On one occasion Col. Smith and an Indian companion were encamped some distance from the village in the winter and they had a large amount of meat and skins to carry on their shoulders. They found three horses running wild and finding subsistence on the grass of a large treeless plain beneath the snow. They found it impossible to catch the horses. The Indians then proposed that they should run them down. Smith did not believe this could be done but the Indian said he had run down bear, deer, elk and buffalo and he believed that he could run down any animal except the wolf. The experiment was made and the two men began the chase at daylight on a cold day, the horses running in a circle of six or seven miles in circumference. The run was kept up all day, the Indian running all the time and Smith a part of the time. At dark the horses were found to run still with vigor and the task was abandoned.

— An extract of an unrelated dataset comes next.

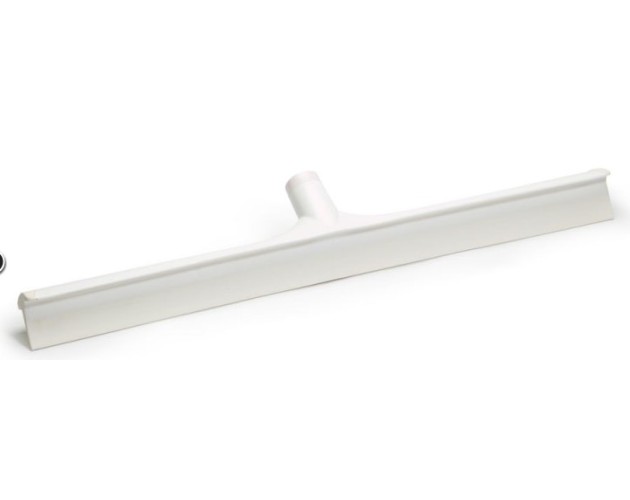 Stěrka hygienická bílá 75 cm (1058W)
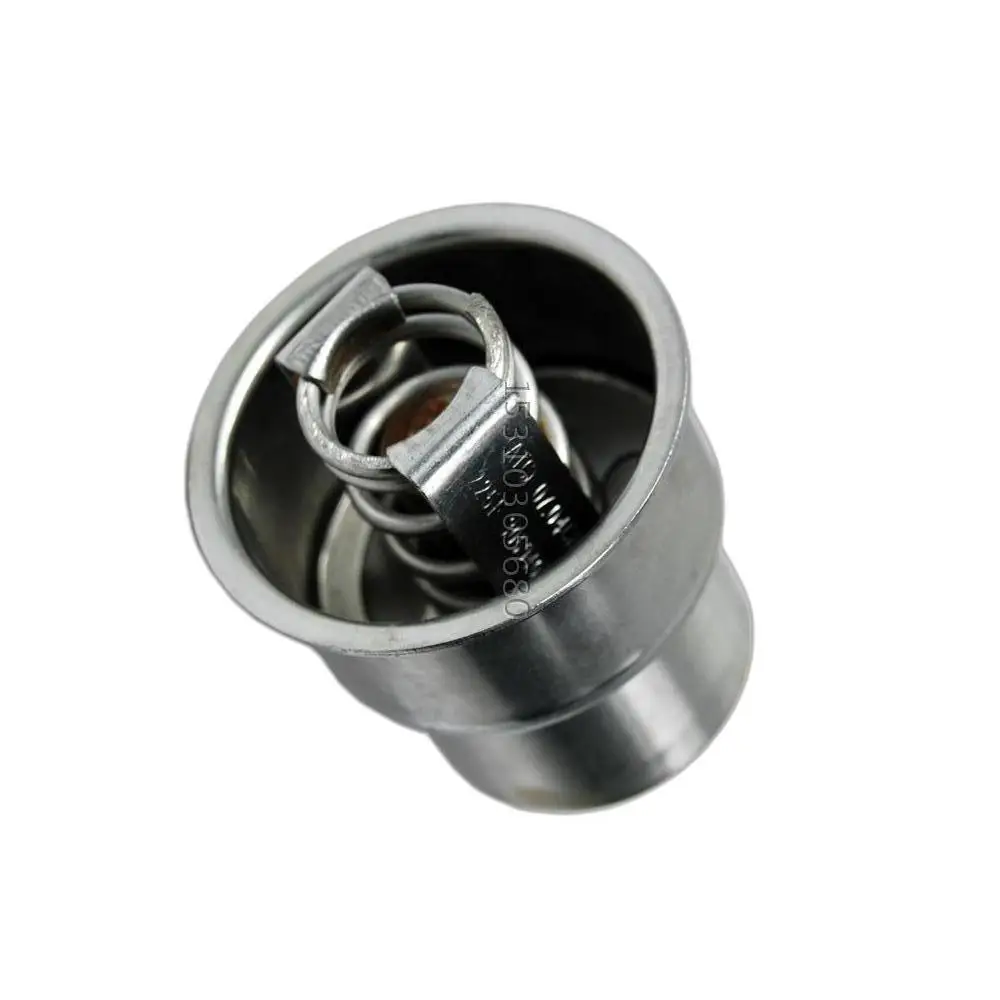 Cummins Dieselmotor M11 Thermostat 3059408 3078338 3048784   Kompatibel mit Marine-Ersatzteil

David Zeisberger, the faithful Moravian missionary among the Indians, wrote in 1779 at his mission home on the Muskingum River in Ohio extensive notes on the life, manners and customs of the Indians. He makes little mention of their cattle and horses. He says: "Because the savages are accustomed to go about in the forest, which is their great delight, they do not care to keep cattle, for in that case they must remain at home to look after them and are prevented from going into the forest. Some have secured cattle, for they are fond of milk and butter. They have horses that roam about and are rarely used except when they wish to ride and it is too troublesome to break them to work." We read with some surprise that both cattle and horses were allowed to find their own food in winter. Zeisberger says: "The Indians make little provisions to feed their cattle in the winter, for as there is no deep snow and the weather is generally mild, cattle and particularly horses can forage for themselves, finding feed in the woods. In the bottoms grass never quite dies away but remains green and toward the end of March and the beginning of April grows again."